EPEL EpSCO Email Meeting:

Stephen John Smoogen smooge at gmail.com
Thu Sep 11 19:31:05 UTC 2014


On 11 September 2014 08:41, Bohuslav Kabrda <bkabrda at redhat.com> wrote:

> Problem trying to be solved:
>
> EPEL's original goal around a 5-7 year product has run into issues where
> various packages end up having shorter lifetimes than can be maintained in
> that period. What happens is that the upstream is changing the code too
> massively for any sort of 'back-port' to be possible. Some software can be
> 'patched' around by making it parallel installable but others (say puppet)
> only work if there is only one version not just on the system but
> throughout an entire ecosystem of systems (thus if you update one, they all
> have to be updated to the same version.) While EPEL has a process of saying
> you can announce a major change it is severely frowned on and usually ends
> up with various users asking 'can you just keep the older version around a
> bit longer...' ad infinitum. Another problem is that it isn't clear how
> much notice is needed for a change to be made or what changes are being
> made so that users and package owners end up confused and upset with each
> other.
>
> Possible solution:
>
> Make it so that updates to these sorts of packages occur at regular
> intervals. There are three cycles these could occur: regular date driven
> (July 1st of every year for example), the Fedora release cycle (Fedora 22
> has been released, you can update now), and the Red Hat Enterprise release
> cycle (RHEL-6.6 is out, you can release now). Each of these cycles has
> their bonuses and minuses but I think that connecting to the RHEL cycle
> will be more in line with what downstream users of EPEL are going to be
> more in sync with.
>
> Proposed implementation:
>
> Every Red Hat Enterprise Dot Release has a beta period and then a release
> period. After the release period there is a couple of weeks until a CentOS
> release is available. Since only the betas and CentOS release are generally
> available to any person off the street I am looking at those being 'action
> points' where the dot release period would be done. When a RHEL beta dot
> release (example RHEL-6.6 beta) is announced, EPEL.dot would say that
> packages to be updated in the next release are going to be accepted into
> EPEL-dot-testing. Package owners who are needing or wanting to make major
> changes in their EPEL package sets would target builds to that channel.
> People can test as needed or at least be aware where they could have
> tested. Sometime after the next dot release, CentOS releases their latest
> 'this is the state of CentOS build' which anyone needing to test latest
> builds can get. This acts as a marker for when EPEL.dot will 'release' its
> next tree which would be 1 month after the CentOS GA. During that time,
> everything is rebuilt against the latest RHEL (to find any FTBS or ooops
> they dropped libmuffin and I needed it) and at the end of the month
> EPEL-6.7 is put out and EPEL-6.6 is set to be sent to archives after an
> appropriate time.

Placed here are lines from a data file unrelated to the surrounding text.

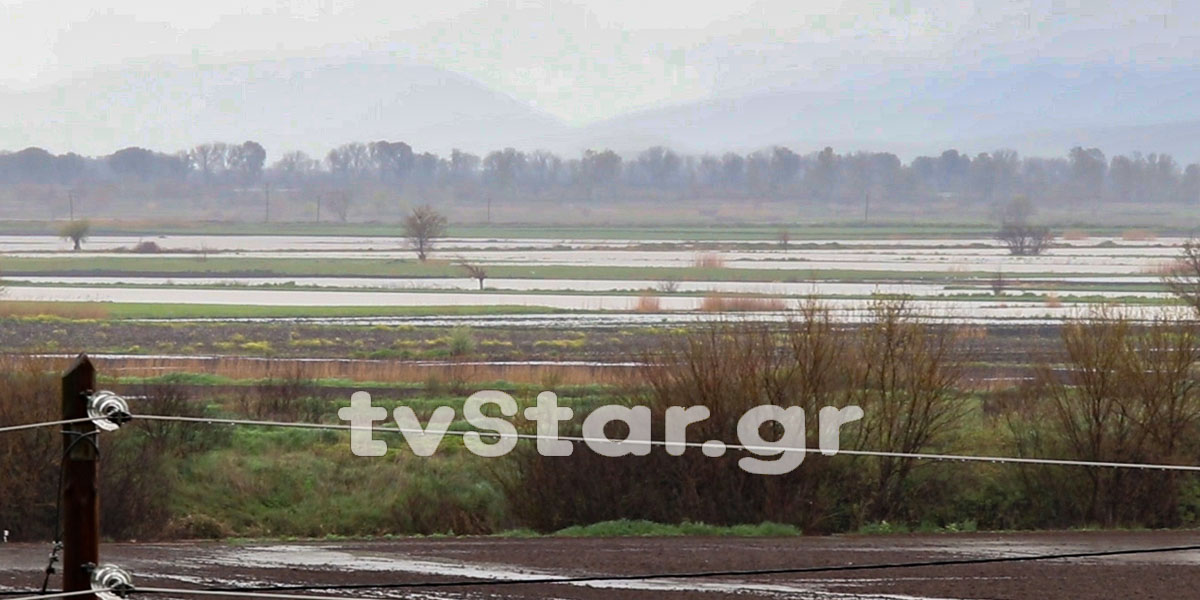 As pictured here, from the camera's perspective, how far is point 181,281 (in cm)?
6266

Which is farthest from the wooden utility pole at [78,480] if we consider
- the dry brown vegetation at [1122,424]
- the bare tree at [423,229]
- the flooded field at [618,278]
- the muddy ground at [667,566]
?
the bare tree at [423,229]

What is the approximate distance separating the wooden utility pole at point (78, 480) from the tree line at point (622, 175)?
146072mm

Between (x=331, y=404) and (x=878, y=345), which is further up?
(x=878, y=345)

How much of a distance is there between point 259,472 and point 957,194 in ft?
486

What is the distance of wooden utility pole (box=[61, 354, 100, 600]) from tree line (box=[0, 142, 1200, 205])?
146 m

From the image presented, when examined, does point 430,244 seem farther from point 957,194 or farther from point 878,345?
point 957,194

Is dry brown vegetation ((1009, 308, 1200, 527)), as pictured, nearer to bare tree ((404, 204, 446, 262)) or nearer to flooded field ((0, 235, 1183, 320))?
flooded field ((0, 235, 1183, 320))

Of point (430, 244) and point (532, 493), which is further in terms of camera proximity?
point (430, 244)

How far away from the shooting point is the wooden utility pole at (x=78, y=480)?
5.88 metres

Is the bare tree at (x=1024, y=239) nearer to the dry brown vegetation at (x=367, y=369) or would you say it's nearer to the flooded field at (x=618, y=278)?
the flooded field at (x=618, y=278)

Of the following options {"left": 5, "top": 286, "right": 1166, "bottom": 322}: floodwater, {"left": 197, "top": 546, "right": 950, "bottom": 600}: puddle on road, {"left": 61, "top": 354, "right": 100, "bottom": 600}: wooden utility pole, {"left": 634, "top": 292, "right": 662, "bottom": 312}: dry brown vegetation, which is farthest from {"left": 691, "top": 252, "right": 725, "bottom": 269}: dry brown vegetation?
{"left": 61, "top": 354, "right": 100, "bottom": 600}: wooden utility pole

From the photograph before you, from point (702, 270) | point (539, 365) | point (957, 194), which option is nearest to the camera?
point (539, 365)

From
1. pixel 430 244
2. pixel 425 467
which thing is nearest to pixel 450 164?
pixel 430 244

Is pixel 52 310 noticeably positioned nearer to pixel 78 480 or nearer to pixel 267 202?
pixel 78 480
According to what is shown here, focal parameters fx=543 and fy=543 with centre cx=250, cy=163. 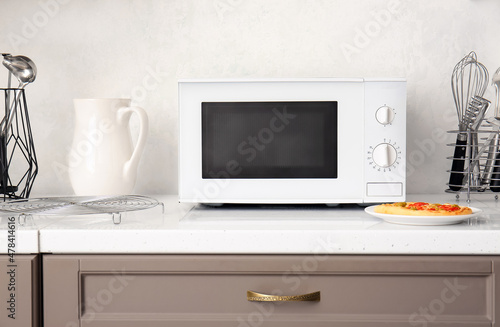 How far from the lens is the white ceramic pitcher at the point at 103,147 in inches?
49.3

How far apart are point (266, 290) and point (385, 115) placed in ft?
1.41

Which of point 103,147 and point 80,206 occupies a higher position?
point 103,147

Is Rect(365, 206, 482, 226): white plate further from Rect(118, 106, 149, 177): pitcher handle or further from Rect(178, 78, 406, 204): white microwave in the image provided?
Rect(118, 106, 149, 177): pitcher handle

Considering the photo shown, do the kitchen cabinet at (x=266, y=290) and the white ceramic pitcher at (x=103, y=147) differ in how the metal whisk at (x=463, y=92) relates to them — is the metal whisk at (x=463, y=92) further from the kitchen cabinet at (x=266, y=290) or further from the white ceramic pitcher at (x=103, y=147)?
the white ceramic pitcher at (x=103, y=147)

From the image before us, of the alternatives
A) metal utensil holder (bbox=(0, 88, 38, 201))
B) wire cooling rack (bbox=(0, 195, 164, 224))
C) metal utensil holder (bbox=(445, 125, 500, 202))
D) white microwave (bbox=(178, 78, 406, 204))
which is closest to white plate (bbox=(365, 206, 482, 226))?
white microwave (bbox=(178, 78, 406, 204))

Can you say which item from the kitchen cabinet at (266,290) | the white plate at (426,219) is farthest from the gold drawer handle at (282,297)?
the white plate at (426,219)

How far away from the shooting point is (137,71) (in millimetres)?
1429

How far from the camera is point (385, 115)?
1.08 meters

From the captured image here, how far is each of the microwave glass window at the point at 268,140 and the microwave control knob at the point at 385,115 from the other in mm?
88

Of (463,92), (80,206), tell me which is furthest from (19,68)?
(463,92)

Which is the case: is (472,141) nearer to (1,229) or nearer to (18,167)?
(1,229)

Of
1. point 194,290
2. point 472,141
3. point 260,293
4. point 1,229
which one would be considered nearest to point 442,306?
point 260,293

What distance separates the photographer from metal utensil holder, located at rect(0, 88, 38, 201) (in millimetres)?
1259

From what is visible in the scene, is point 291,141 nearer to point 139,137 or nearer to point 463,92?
point 139,137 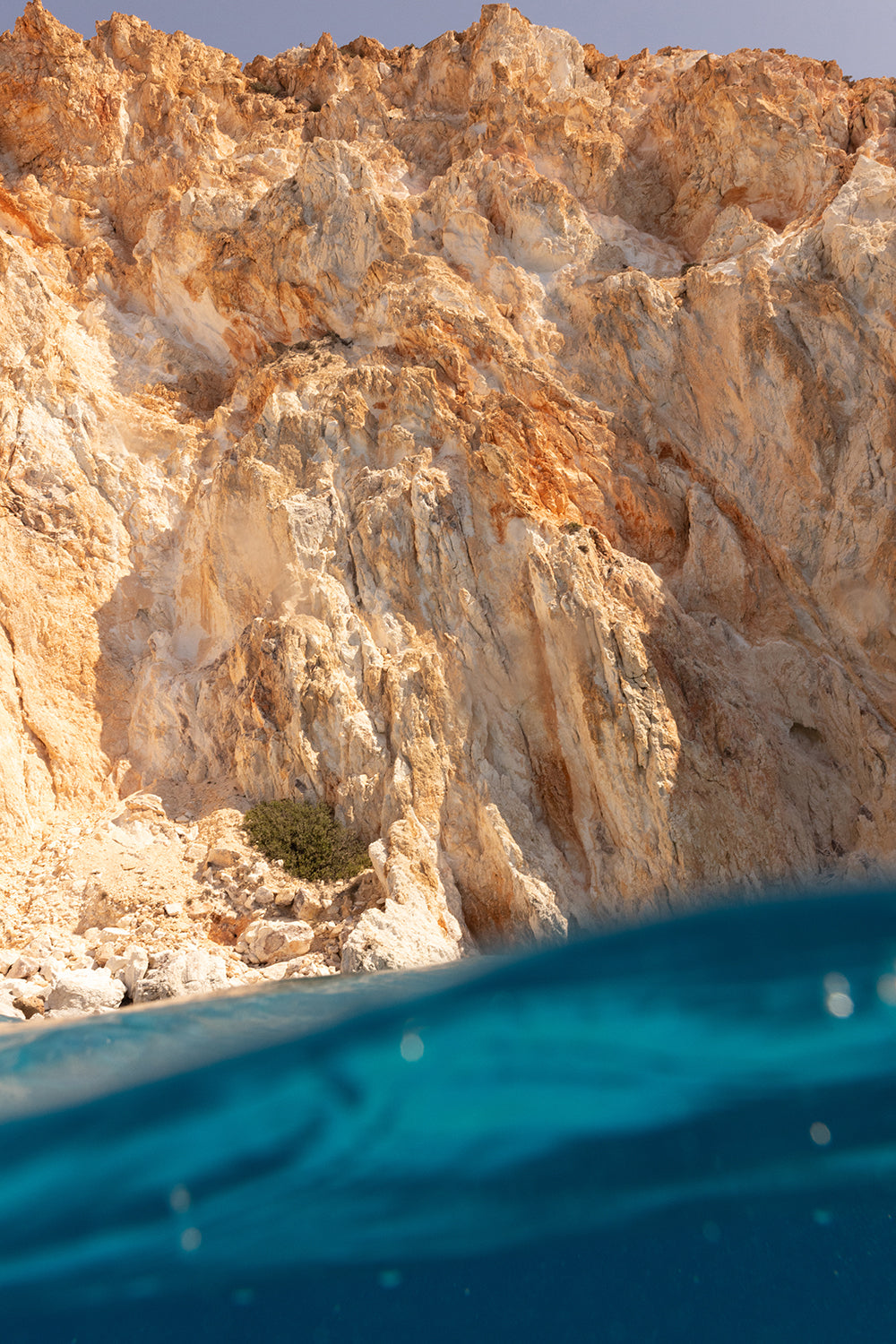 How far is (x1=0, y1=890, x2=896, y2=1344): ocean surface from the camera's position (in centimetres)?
353

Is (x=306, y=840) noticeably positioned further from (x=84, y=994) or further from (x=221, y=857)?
(x=84, y=994)

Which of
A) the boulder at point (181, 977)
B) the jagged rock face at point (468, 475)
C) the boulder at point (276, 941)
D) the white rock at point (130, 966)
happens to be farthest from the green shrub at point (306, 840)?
the white rock at point (130, 966)

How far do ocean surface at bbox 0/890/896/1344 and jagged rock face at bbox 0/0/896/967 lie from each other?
7.36 metres

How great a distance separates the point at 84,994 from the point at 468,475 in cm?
1244

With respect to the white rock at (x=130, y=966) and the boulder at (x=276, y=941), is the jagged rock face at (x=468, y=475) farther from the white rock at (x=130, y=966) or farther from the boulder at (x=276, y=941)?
the white rock at (x=130, y=966)

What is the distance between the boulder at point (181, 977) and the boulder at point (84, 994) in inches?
11.4

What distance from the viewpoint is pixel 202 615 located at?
18.8 m

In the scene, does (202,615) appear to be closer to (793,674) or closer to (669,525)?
(669,525)

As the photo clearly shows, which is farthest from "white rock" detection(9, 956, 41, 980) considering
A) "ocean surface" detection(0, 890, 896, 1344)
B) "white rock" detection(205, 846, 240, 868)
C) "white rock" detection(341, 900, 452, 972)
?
"ocean surface" detection(0, 890, 896, 1344)

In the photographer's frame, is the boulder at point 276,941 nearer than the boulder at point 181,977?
No

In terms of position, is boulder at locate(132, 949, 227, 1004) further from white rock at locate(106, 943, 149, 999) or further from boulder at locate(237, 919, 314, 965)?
boulder at locate(237, 919, 314, 965)

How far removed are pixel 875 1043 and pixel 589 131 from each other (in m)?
30.4

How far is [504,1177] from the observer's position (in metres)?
4.12

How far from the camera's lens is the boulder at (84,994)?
10.6 metres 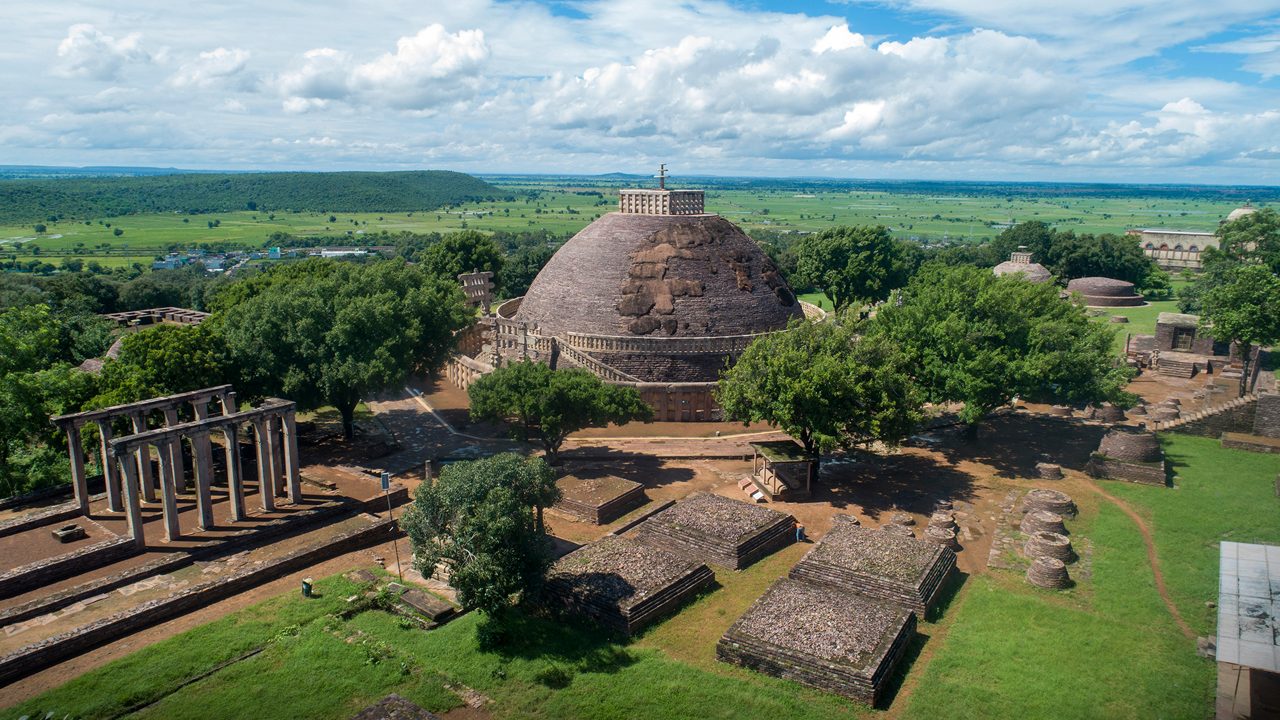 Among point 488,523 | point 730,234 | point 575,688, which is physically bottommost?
point 575,688

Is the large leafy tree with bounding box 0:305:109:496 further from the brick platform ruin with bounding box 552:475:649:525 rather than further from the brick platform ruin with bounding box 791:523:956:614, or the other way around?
the brick platform ruin with bounding box 791:523:956:614

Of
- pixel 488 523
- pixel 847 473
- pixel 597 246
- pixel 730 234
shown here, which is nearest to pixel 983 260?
pixel 730 234

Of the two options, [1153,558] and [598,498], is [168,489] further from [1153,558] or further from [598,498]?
[1153,558]

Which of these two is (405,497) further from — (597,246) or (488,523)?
(597,246)

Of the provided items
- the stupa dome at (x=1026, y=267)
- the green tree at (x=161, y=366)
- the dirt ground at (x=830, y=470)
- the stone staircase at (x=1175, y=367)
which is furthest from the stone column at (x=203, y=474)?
the stupa dome at (x=1026, y=267)

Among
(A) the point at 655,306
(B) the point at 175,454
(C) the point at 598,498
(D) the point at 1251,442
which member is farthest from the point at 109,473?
(D) the point at 1251,442

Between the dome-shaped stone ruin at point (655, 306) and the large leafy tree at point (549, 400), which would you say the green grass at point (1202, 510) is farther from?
the large leafy tree at point (549, 400) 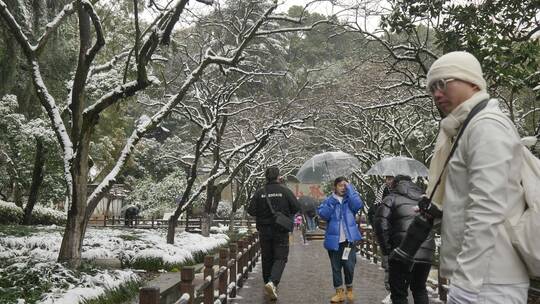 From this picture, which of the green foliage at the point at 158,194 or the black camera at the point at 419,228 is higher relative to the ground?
the green foliage at the point at 158,194

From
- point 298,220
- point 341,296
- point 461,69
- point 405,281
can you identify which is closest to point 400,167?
point 341,296

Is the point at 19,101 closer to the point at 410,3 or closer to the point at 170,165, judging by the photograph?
the point at 410,3

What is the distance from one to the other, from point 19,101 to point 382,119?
523 inches

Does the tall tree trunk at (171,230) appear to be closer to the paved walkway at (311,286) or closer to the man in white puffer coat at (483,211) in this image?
the paved walkway at (311,286)

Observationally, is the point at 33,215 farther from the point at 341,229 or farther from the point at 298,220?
the point at 341,229

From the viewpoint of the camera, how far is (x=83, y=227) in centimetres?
865

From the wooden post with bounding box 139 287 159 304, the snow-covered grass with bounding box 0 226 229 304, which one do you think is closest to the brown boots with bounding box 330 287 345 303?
the snow-covered grass with bounding box 0 226 229 304

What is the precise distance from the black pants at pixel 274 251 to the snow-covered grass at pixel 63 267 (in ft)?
6.97

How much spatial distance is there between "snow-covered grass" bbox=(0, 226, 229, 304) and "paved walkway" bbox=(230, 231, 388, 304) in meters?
1.85

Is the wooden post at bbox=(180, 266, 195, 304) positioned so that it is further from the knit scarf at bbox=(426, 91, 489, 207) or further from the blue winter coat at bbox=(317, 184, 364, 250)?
the blue winter coat at bbox=(317, 184, 364, 250)

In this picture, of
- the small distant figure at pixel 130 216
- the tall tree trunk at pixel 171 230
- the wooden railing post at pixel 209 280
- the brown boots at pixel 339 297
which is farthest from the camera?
the small distant figure at pixel 130 216

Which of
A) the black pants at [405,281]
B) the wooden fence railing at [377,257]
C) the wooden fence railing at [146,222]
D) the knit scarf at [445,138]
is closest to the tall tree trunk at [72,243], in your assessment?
the black pants at [405,281]

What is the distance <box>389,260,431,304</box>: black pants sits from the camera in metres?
6.09

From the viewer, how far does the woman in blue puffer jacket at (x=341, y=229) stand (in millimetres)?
8375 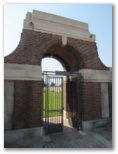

Like CentOS, EPEL-6 -> EPEL-6.6 and then EPEL-6.7.
>
> In the case of last planned release (RHEL-5.12?), a different mechanism
> could be used for when updates occur if there is enough people willing to
> do the work. Otherwise packages go into that tree until EPEL ends building
> for it.
>
> Note only one tree is being built against. If someone wants to 'keep'
> EPEL-6.5 running, they can grab the src.rpms from archives and do it
> themselves on their own hardware.. EPEL only deals with RHEL current.
>
> Have I made this clearer or muddier?
>
>
> Thanks for starting this initiative and sorry for my late response.
> Anyway, my 2 cents:
> As maintainer of python3 in Fedora, I've already been asked by quite a lot
> of people to put python3 in EPEL 7. Most notably by DNF maintainer and
> people from Fedora Infrastructure. My problem with doing this is, that I
> want to able to actually update python3 point releases (e.g. from 3.4 to
> 3.5) at some points during EPEL 7 life. So I'm trying to understand how
> this proposal would help me. Here are my notes and thoughts on the
> situtation with python3 and the possible solution:
> - Generally, python3 point releases can't be safely considered backwards
> compatible and all depending packages need to be rebuilt.
>
- The above point I think makes updating python3 go against current EPEL
> policies. If I wanted to do it "right", I would need to start with
> python34, then after some time add python35, python36 etc. (for each of
> these, I'd need to keep the whole stack of dependent libraries, which
> brings even more iffy problems, like "where should these packages be at
> dist-git", "should these conflict or be installable in parallel", "when/how
> do we obsolete the old versions", ...)
> - So I'm wondering whether we could have just "python3" and ("python3-*"
> extension modules and other dependent packages). The "python3" package
> itself would be updated at time of RHEL point releases, assuming a new
> minor version has been released prior to the update period (RHEL beta).
> - Now, I'm not sure how this should work with extension modules and other
> packages depending on python3. Would it make sense for them to live in the
> main repo, assuming they'd depend on a package that lives in the "EPEL-dot"
> repo? I think not, but this would basically cause all python3 depending
> packages to live in "EPEL-dot". I'm not sure whether that is a problem or
> not. It doesn't feel exactly right, but I guess it's the right thing to
> do...
> - So basically the whole python3 stack would need to be rebuilt together
> during the RHEL beta period, which might be very short, considering that we
> may be talking about hundreds of packages with dependency cycles etc. In
> case that the rebuild wouldn't be completed on time, I think it should be
> safe to just wait for the next RHEL dot release.
>
>
So I believe that various python consumers have wanted to have seperate
python trees that are subversion specific as they can move to a newer
release when they wanted to or keep parallel versions around. So what I
would like to do is generate the least amount of surprise for them (versus
no surprise).

Here is my suggestion:

1) Make python34 currently python35 later and python36 later..
2) The expectation will not be putting python35 out as soon as it comes
out. As you state, modules and such may need to be ported to the newest
version etc so we need a baking period before the next version is ready for
EPEL (so if python35 were in Fedora 23, then when Fedora 24 came out it
would be time for putting it in EPEL.)
3) Make all submodules versioned like the parent (pulling 3 python packages
installed on my system as an example)

python35-beautifulsoup4-4.3.2-1.el7.noarch
python35-bunch-1.0.1-4.el7.noarch
python35-chardet-2.0.1-7.el7.noarch

Name space them appropriately in their directory space.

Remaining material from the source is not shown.